Bharathesha Alasandemajalu, a member of the Academy, said books published from 1968 to the most recent, including two doctoral dissertations, have been digitized. Doctoral thesis on Arebhashe in English by Professor Kodi Kushalappa Gowda, published in 1970 at Annamalai University, has been digitized. Previously, the language was known as Gowda Kannada. Other works include digitizing a souvenir that showcases the culture of the Gowda community, he said.
In total, the digitization of 38 books published by the academy, ‘Hingara’ – the quarterly magazine of the academy, and 21 books published by different authors have been digitized and made available on arebashe.sanchaya.net. The team digitized 142 issues of ‘Kodava Sangathi’, a fortnightly, whose publisher was Pattada Prabhakar, and an important book on the Amara Sullia uprising of 1837, by Deviprasad Sampaje.
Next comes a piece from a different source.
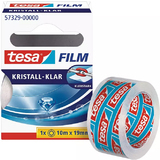 tesa Film, kristall-klar, 19 mm x 10 m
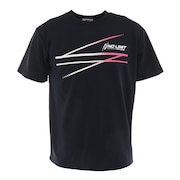 ニシ・スポーツ（NISHI）（メンズ、レディース）陸上ウェア シャツ アスリートプライド半袖Tシャツ 2811A020.400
The books are available in three categories, books published by the academy, Arebhashe Sahithya and Kodagu Sangathi and Hingara editions, Bharathesha said.
The digitization works will be inaugurated on June 25 in Madikeri, in the presence of the Chief Minister’s Advisor for E-Governance Beluru Sudarshan and the President of the Kodagu Academy Kannada Sahitya, MP Keshav Kamath. Academy President Lakshminarayan Kajegadde will chair the event.
“In case the language is to gain international recognition, an ISO language code is important. Scanning is a step towards obtaining the code. It will also give the public easy access to existing Arebhashe literature,” he said.
Vishwanath Badikana, Assistant Professor, Kannada, St Aloysius College and Fellow of the Academy, said the books that have been digitized are not available in the market. Work on the Arebhashe Dictionary, a blend of Lexicon and Kittel Dictionary, Encyclopedia and Arebhashe Glossary documenting the Arebhashe culture, through the items used by people who speak this language, is nearing completion.
“This is probably the first work of its kind undertaken for a sub-dialect, through an academy which has a small base. According to an estimate, around 10 lakh people speak the language,” Badikana said.